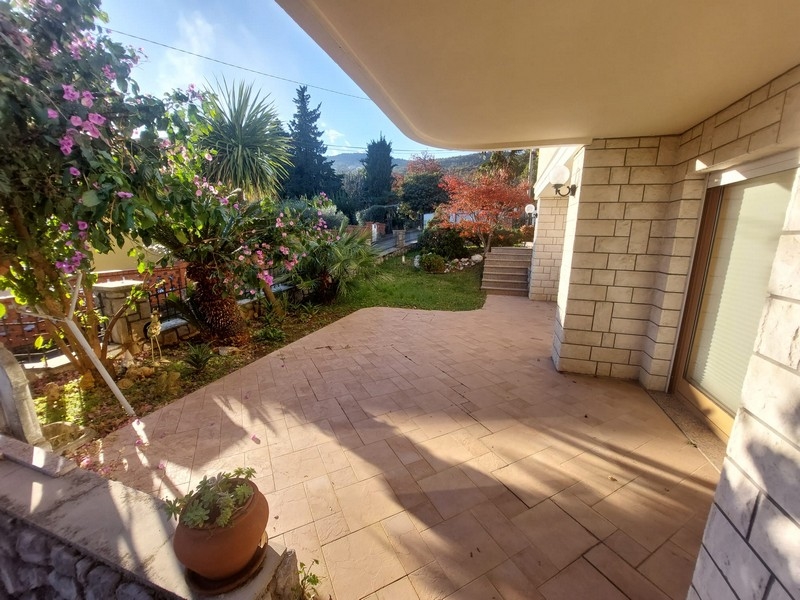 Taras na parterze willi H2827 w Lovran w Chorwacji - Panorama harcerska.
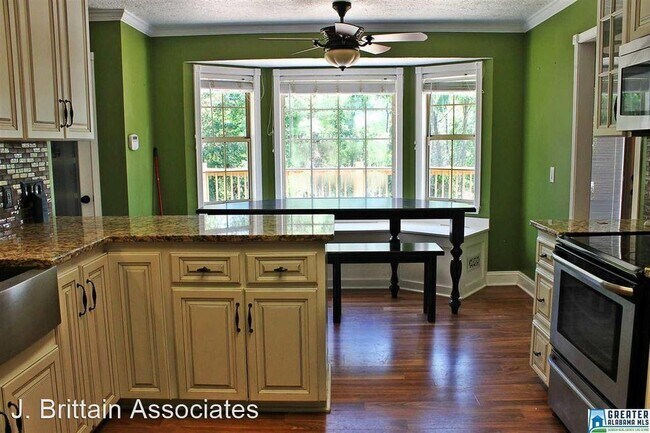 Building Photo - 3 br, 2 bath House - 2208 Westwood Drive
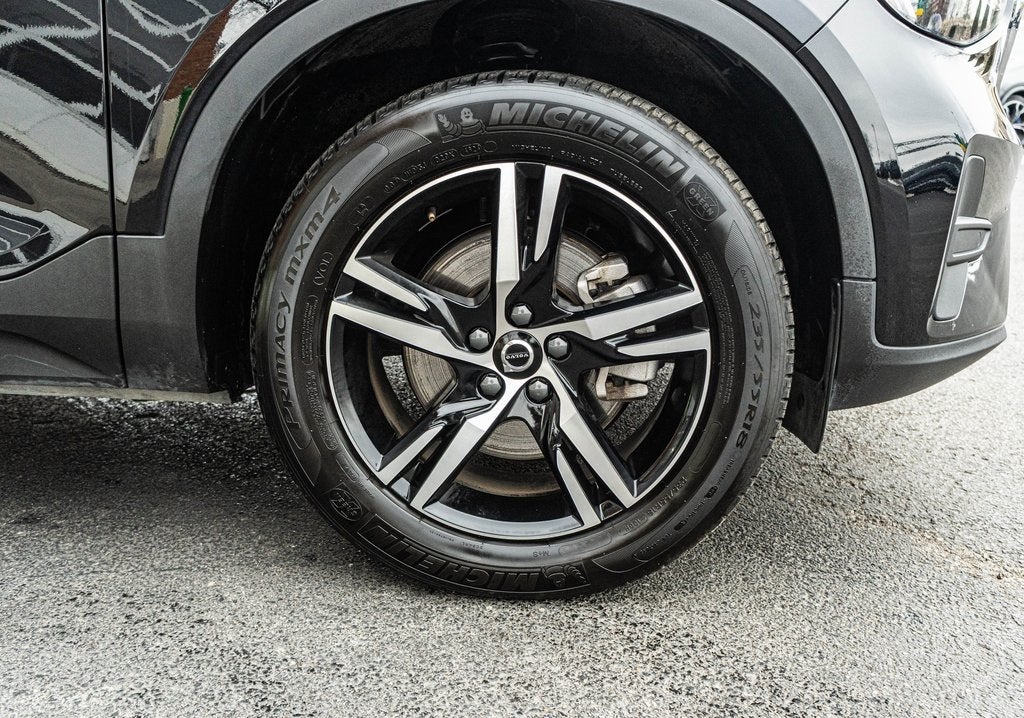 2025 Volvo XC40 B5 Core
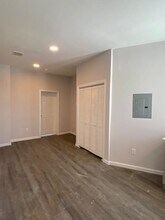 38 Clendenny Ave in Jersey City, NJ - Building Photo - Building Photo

▶ _Exercise brief_:
Copy the listing above exactly, minus the pictures.

▶ _Exercise response_:
 Taras na parterze willi H2827 w Lovran w Chorwacji - Panorama harcerska.
 Building Photo - 3 br, 2 bath House - 2208 Westwood Drive
 2025 Volvo XC40 B5 Core
 38 Clendenny Ave in Jersey City, NJ - Building Photo - Building Photo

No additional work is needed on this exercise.